Infine c’è l’ottavo di finale degli ultimi Australian Open. Allora di sicuro Serena non aveva sottovalutato il match, eppure perse comunque 6-2 il primo set. Poi però Williams aggiustò il servizio (alzando la percentuale di prime), e in generale i colpi da fondo campo. D’altra parte Muguruza cominciò a sentire la pressione perdendo 6-3 il secondo set. Se non ricordo male, il passaggio decisivo di quel match fu un lunghissimo game ad inizio terzo set in cui Muguruza si era conquistata diverse palle break non riuscendo mai a convertirle; una in particolare venne mancata per un errore su una volèe davvero elementare. Le volée di Muguruza, un punto debole su cui ha bisogno di lavorare, e sui cui si è già discusso in passato. Dopo quel game combattutissimo, la patita filò via abbastanza veloce verso il 2-6, 6-3, 6-2 conclusivo.
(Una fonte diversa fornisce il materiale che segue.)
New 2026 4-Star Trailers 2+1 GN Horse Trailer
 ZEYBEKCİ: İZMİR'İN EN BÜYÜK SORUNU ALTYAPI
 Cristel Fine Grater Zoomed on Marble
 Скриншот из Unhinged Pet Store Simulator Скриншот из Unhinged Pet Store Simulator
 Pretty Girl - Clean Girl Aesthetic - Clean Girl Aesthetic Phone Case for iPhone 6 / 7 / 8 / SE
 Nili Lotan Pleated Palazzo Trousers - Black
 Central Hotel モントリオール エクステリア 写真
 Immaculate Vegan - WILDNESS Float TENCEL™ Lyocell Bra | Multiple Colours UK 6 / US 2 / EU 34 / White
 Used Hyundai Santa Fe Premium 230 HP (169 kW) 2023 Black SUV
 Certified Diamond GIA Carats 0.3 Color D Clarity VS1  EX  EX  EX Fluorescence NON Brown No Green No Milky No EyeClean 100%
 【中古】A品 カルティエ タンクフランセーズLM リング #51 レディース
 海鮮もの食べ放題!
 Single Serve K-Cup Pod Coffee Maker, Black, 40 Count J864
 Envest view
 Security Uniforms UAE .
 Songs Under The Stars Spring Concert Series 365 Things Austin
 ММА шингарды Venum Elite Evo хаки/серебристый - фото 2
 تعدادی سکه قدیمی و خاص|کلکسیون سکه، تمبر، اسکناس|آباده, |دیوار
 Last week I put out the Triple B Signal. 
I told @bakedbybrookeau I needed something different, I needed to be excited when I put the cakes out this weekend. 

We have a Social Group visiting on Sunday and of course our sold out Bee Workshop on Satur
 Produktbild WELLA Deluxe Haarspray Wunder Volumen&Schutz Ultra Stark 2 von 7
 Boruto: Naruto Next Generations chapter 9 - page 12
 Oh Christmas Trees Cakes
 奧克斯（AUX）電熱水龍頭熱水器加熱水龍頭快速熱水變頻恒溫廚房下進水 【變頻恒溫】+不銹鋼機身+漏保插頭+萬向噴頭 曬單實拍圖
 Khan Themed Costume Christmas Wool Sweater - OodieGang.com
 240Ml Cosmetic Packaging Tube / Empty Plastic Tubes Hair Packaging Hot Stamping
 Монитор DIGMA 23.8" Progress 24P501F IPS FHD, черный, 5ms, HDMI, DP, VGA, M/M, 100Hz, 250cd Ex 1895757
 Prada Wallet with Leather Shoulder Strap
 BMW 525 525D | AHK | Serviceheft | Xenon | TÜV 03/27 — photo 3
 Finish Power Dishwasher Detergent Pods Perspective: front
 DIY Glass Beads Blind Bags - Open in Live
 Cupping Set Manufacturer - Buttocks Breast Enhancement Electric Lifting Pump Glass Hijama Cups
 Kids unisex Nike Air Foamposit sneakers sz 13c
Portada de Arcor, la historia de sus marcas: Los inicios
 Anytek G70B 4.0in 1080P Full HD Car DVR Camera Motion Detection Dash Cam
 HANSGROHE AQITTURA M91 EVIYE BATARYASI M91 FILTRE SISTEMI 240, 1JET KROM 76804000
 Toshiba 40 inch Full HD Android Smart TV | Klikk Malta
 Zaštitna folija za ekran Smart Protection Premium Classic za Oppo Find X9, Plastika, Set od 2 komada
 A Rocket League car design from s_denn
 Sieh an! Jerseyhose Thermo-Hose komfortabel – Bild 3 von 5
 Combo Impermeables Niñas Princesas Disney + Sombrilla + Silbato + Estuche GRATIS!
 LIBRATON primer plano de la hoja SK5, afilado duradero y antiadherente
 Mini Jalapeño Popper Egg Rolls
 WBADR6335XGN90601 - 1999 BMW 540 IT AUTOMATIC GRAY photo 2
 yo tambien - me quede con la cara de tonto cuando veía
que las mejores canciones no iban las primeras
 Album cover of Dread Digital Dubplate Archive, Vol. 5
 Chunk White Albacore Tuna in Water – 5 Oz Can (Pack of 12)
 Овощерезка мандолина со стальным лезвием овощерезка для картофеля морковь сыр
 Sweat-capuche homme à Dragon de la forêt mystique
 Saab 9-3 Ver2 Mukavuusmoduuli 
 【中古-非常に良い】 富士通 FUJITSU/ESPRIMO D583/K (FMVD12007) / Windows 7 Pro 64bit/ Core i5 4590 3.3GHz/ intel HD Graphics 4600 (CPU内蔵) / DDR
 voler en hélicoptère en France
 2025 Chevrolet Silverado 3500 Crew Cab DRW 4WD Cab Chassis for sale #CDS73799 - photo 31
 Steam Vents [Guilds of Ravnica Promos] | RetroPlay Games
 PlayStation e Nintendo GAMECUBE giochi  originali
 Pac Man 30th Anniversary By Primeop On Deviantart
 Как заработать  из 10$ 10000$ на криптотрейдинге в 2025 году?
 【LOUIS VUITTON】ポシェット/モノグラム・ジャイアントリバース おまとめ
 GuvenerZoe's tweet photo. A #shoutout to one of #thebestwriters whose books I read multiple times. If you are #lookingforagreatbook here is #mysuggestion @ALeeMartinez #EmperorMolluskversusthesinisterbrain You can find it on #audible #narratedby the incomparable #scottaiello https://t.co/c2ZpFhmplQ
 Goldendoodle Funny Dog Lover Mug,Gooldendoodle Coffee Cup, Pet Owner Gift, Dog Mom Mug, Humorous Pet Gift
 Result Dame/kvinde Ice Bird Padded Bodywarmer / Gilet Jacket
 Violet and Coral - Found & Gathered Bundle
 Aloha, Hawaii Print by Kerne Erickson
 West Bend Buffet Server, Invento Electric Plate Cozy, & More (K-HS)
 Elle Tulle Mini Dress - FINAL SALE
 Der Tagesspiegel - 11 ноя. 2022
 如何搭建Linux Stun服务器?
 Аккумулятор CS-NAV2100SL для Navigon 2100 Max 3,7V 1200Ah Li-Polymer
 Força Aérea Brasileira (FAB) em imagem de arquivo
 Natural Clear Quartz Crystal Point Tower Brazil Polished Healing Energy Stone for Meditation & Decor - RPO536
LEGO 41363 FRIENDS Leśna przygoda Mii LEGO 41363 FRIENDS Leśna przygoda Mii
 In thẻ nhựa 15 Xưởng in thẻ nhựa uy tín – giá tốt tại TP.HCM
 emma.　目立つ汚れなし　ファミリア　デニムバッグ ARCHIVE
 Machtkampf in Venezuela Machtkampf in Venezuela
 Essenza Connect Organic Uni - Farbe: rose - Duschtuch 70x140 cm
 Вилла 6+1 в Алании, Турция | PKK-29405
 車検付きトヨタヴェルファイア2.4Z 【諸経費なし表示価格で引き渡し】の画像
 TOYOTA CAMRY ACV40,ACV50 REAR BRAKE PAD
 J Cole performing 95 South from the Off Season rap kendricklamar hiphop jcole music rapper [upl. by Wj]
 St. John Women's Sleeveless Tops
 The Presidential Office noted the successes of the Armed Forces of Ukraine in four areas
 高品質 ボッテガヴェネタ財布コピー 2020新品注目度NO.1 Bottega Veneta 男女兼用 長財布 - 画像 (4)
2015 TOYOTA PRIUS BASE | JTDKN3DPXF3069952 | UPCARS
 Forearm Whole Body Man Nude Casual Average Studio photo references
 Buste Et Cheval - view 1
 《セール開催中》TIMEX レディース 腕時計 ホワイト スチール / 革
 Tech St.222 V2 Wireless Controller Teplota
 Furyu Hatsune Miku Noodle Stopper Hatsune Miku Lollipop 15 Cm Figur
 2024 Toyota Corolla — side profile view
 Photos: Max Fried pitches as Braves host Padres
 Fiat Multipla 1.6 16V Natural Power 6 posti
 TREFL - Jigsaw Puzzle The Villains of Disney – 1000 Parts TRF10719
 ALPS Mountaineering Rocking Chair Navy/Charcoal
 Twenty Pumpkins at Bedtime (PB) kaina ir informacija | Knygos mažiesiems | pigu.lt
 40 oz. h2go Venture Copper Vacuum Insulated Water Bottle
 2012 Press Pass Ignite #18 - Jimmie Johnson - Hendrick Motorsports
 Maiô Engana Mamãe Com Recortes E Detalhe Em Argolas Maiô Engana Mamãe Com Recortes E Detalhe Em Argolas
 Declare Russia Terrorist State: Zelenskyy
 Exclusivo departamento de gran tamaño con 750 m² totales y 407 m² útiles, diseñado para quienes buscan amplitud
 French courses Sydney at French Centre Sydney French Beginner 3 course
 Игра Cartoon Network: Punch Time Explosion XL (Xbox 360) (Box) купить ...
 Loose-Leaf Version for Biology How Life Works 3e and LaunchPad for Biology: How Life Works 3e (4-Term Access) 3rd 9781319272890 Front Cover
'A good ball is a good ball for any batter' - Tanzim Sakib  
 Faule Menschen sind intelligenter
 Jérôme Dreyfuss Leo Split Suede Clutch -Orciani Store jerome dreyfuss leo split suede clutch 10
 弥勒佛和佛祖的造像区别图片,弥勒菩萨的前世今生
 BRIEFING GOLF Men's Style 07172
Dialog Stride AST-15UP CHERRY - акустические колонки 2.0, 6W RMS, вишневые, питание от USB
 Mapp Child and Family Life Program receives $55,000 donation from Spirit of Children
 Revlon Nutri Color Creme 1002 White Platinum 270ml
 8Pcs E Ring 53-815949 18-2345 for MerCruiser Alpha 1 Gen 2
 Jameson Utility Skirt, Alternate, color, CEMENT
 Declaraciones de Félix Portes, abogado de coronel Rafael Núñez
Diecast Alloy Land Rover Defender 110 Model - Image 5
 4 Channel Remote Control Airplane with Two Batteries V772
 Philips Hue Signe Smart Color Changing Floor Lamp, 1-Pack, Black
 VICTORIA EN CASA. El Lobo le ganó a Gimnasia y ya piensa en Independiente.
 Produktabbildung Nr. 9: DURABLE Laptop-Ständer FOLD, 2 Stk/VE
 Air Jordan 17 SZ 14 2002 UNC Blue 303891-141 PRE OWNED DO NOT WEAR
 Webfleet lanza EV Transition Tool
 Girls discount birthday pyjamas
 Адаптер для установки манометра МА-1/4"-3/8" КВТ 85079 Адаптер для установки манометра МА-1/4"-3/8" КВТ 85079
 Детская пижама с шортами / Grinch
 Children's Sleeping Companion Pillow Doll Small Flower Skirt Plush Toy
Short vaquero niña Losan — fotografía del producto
Il quarto confronto, si svolgerà quindi nell’occasione più prestigiosa che una tennista possa desiderare. A me sembra estremamente difficile che possa accadere la grande sorpresa, però una cosa mi sento di dirla: tra le due possibili semifinaliste emerse dalla parte bassa di tabellone (Radwanska e Muguruza) quella che sembra più attrezzata a mettere in difficoltà Serena è proprio Muguruza, e quindi sotto questo punto di vista l’esito della partita di giovedì, considerate le giocatrici rimaste in corsa, ha forse prodotto la miglior finale possibile.